The exhaustive review concluded that dengue transmission is sensitive to climate variability and change. “We believe that it is important to develop, employ and integrate different quantitative modelling approaches for dengue transmission compatible with long-term data on climate and other socio-ecological changes and this would advance projections of the impact of climate on dengue transmission,” it recommends.

This adds to detailed estimations from researchers in Mexico, published in 2013 in the journal PLoS Neglected Diseases, based on exhaustive datasets from 23 years of province-specific dengue reports across nine climatic regions.
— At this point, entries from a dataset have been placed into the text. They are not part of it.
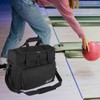 WOLT Bowling Ball Bag 2 Ball Bowling Bag,Double Bowling BALL
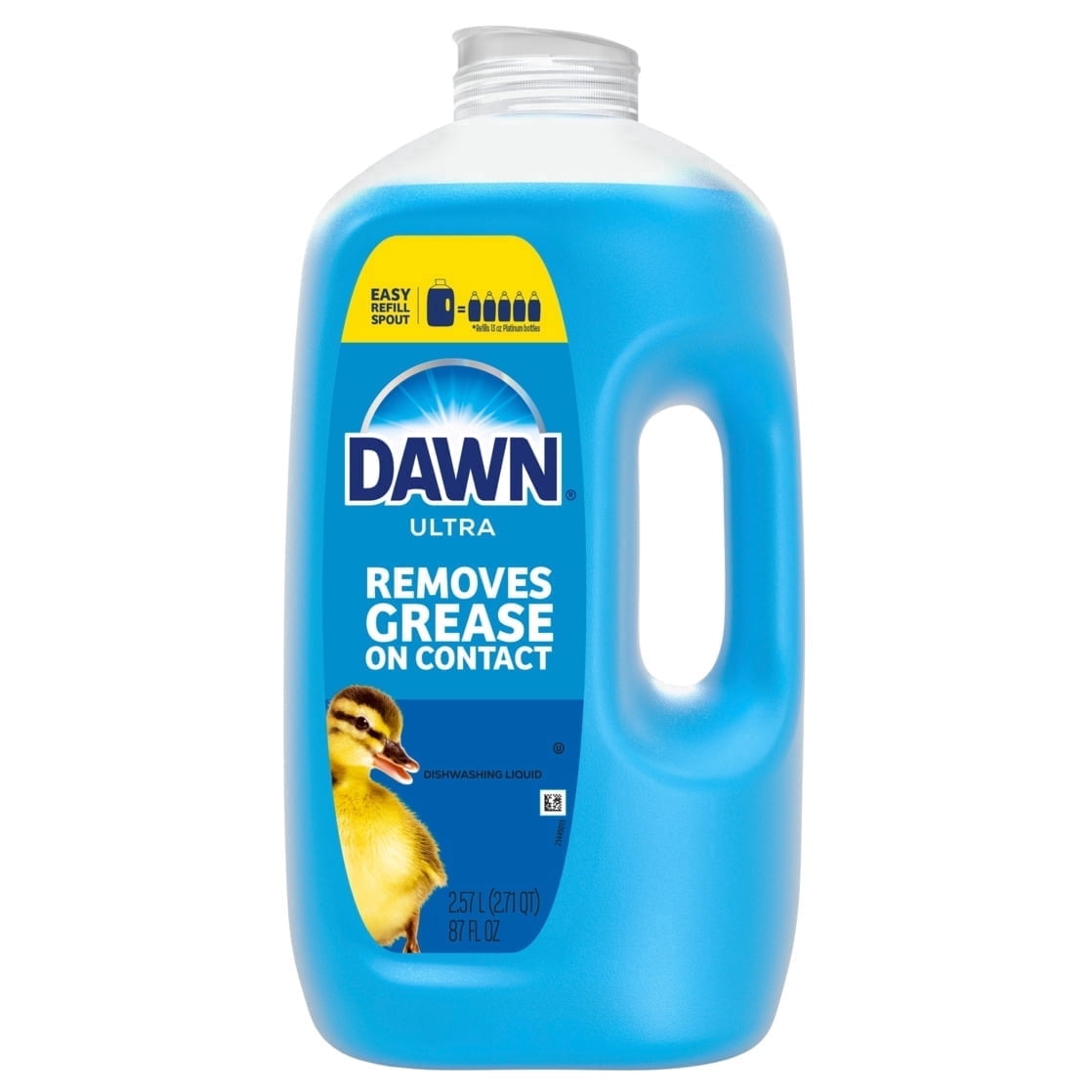 Dawn Ultra, Dishwashing Liquid, Refill Jug, Dish Soap, Original, 87 Fl oz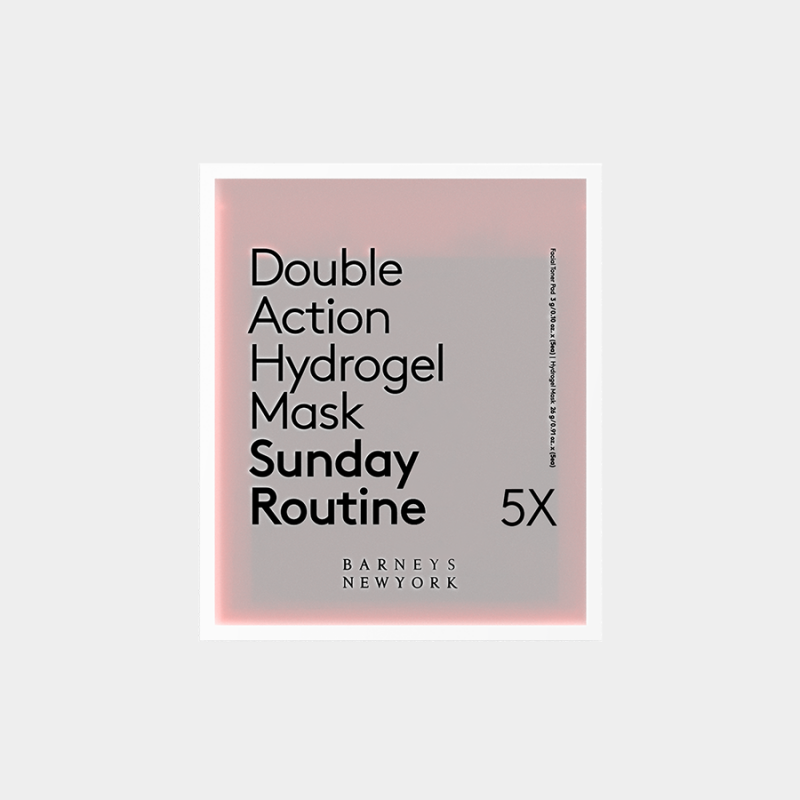 Double Action Hydrogel Mask Sunday Routine 5 Pack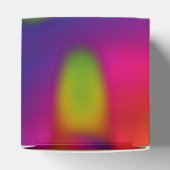 Regenboogontwerp Bedankdoosjes (Bovenkant)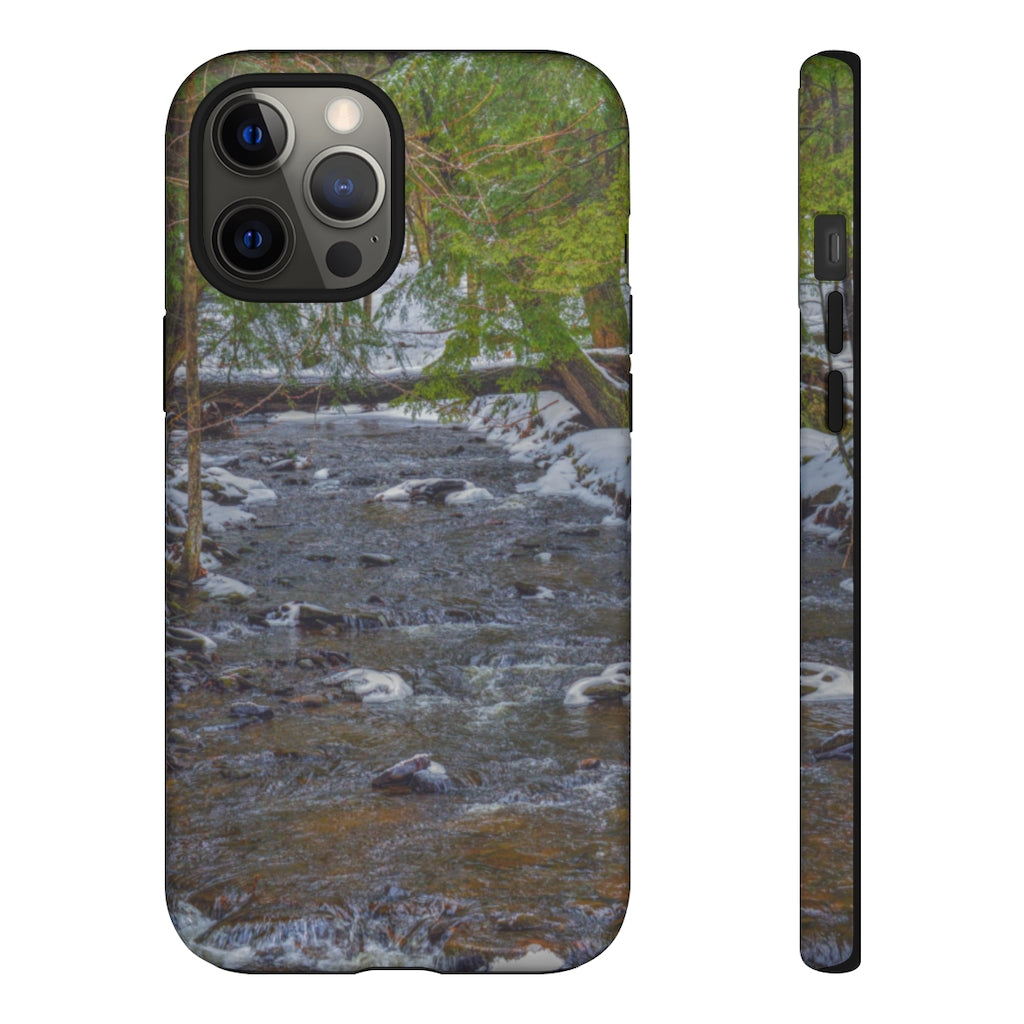 Forest Brook Mobile Phone Case for iPhone and Samsung Galaxy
Using modelling studies, they estimated the impact of weather on dengue, accounting for the effects of non-climatic factors in Mexico.  Their model included the effects of some non-climatic factors that  also influence the disease , such as water supply.

The report also noted that higher temperatures lead to unreliably water supply and water shortages which, in turn, lead to higher water storage. Hence dengue incidence “may increase to about 40% by 2080 due to climate change”.

“This increase in dengue incidence may be aggravated by a rising access to piped water if it leads to domestic water storage, although any adaptation measures to rising dengue may also affect the risk,” it says.  “Our results contribute to a better overall understanding of the epidemiology of dengue.”

Their analysis “indicate that weather significantly influences dengue incidence in Mexico….These findings highlight the importance of using flexible model specifications when analysing weather–health interactions.”

The researchers recommend the need for flexible modelling approaches to analyse links between weather and diseases, especially those that do not show a linear relationship; every rise in temperature directly correlated with rise in new cases.